Grilled ox tongue with aubergine-cumin relish, quinoa flat bread and roast garlic yogurt ($11) was my pet starter. Superlative tongue makes its way to my family's holiday dinner table at least once a year, and I'm always excited to see how it's prepared outside of the auspices of the Jewish kitchen. Public's version should not be a non-tongue eater's introduction to tongue. Tangy eggplant, crisp triangles of quinoa flats (a great, underutilized grain) and a dollop of tsatziki-like yogurt melded flavorfully?all competent renditions of Mediterranean cooking. Unfortunately, the tongue was woven through with some kind of connective tissue, keeping it from disintegrating in your mouth the way good tongue should. If it was enough to turn off a weathered tongue eater like myself, imagine the trauma it could cause a squeamish first-timer.
For entrees, the pan-fried john dory, a meaty white fish, on saffron fingerling potatoes and watercress ($25) was only so-so. The fish was salty, the potatoes were undercooked. As the restaurant ages, these quirks are likely to improve, but the dish itself wasn't very interesting. The roast lamb chump, a cut taken from the saddle, on goat cheese polenta, roasted baby vegetables and minted yogurt ($23) was also just okay. The meat was tender and moist, but the polenta was a flat fried cake that was a bit oily with little substance.
The muscavado pavlova with grapefruit and espresso cream ($8.50) also lacked depth. It was too sweet, and not terribly sophisticated. The grapefruit sections were, again, somewhat flavorless and dry, and the espresso cream was unremarkable; its effect could probably be achieved by whipping cream with some concentrated coffee in your kitchen.
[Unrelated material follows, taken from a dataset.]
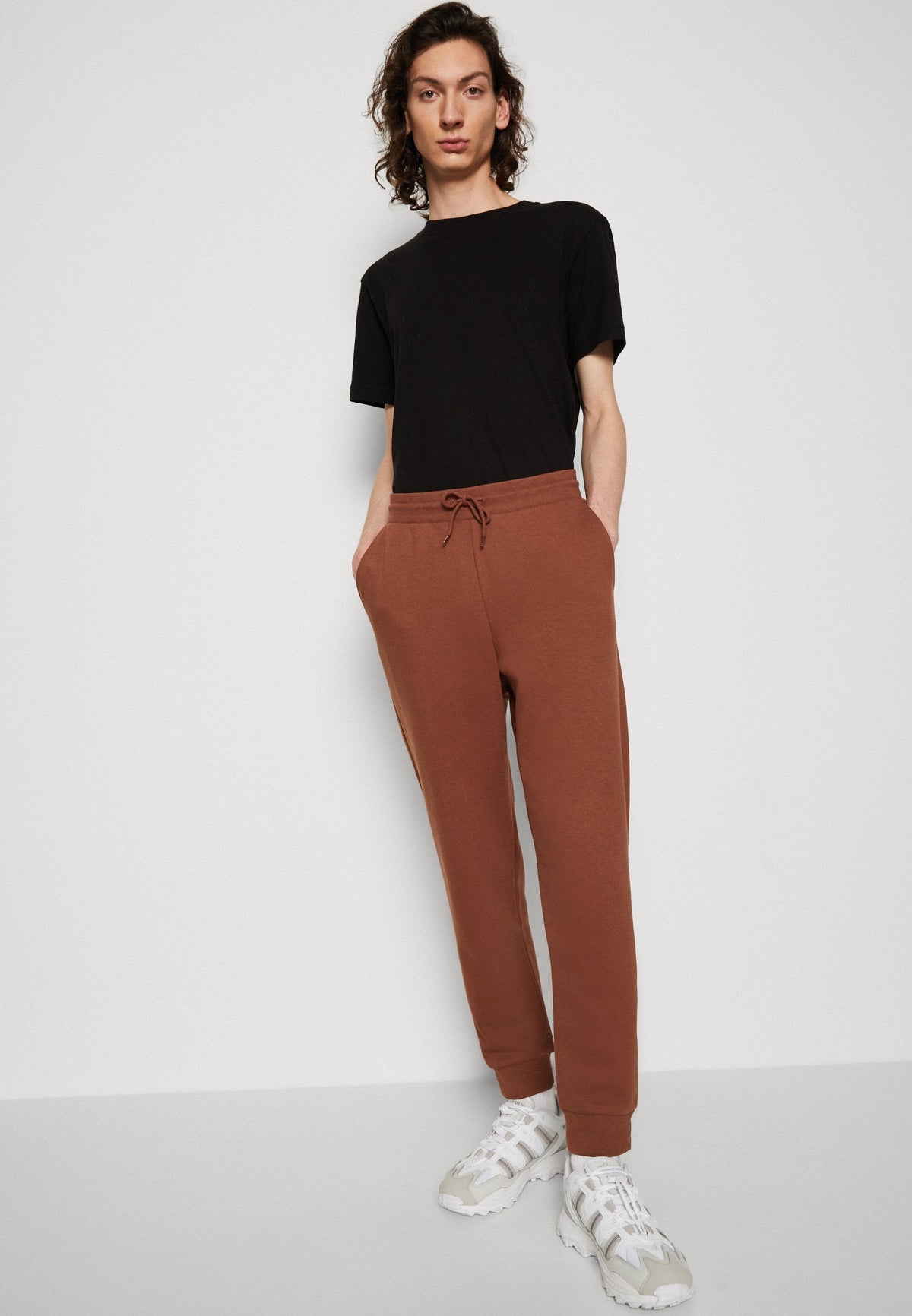 YOURTURN Unisex 2 Pack- Tracksuit Bottoms - Brown/Off-White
The standout of the evening was the pecan maple cake with pomegranate molasses, roast pear and creme fraiche ($8.50), which was brimming with rewarding textures and resonant flavors. The plate was strewn with pomegranate seeds, providing a crunch that went brilliantly with the dense, nut-studded, crumbly brown sugary cake (the crème fraiche took a bit of the edge off of the cloying sweetness). The stewed pear was grainy and coy, sitting upright, all the way on the other side of the plate. It's a great fall dessert that would go well with a cup of tea.
Maybe one day, Public will take the books down from the shelves, separate the tables, remove the deadbolt from the bathroom door and become less of a production and more of a place to eat. But until diners who encourage these kinds of places develop their own tastes and identities, there will always be people sucking up to the restaurant of the moment.